_TASK PROMPT_
Using the entries below, restate word for word only the lines from the one with "Apartament - Për" to the final line, leaving the pictures out.
● ● ● ● ● ● ●
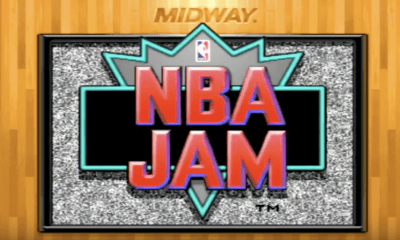 NBA Jam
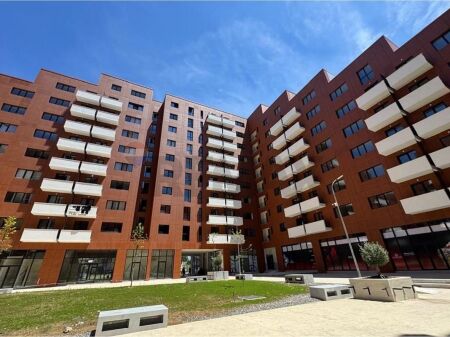 Apartament - Për Shitje - Urban Gate Residence, Tiranë(ID: 530491008-917)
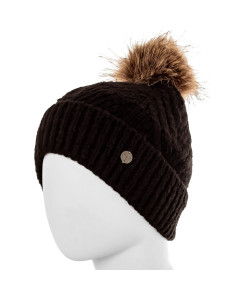 Beanie Snow Peak Chic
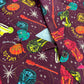 “EROS-TIKI” Open Shirt
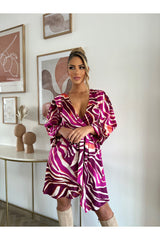 Delia dress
● ● ● ● ● ● ●
_SOLUTION TO THE PROBLEM_
 Apartament - Për Shitje - Urban Gate Residence, Tiranë(ID: 530491008-917)
 Beanie Snow Peak Chic
 “EROS-TIKI” Open Shirt
 Delia dress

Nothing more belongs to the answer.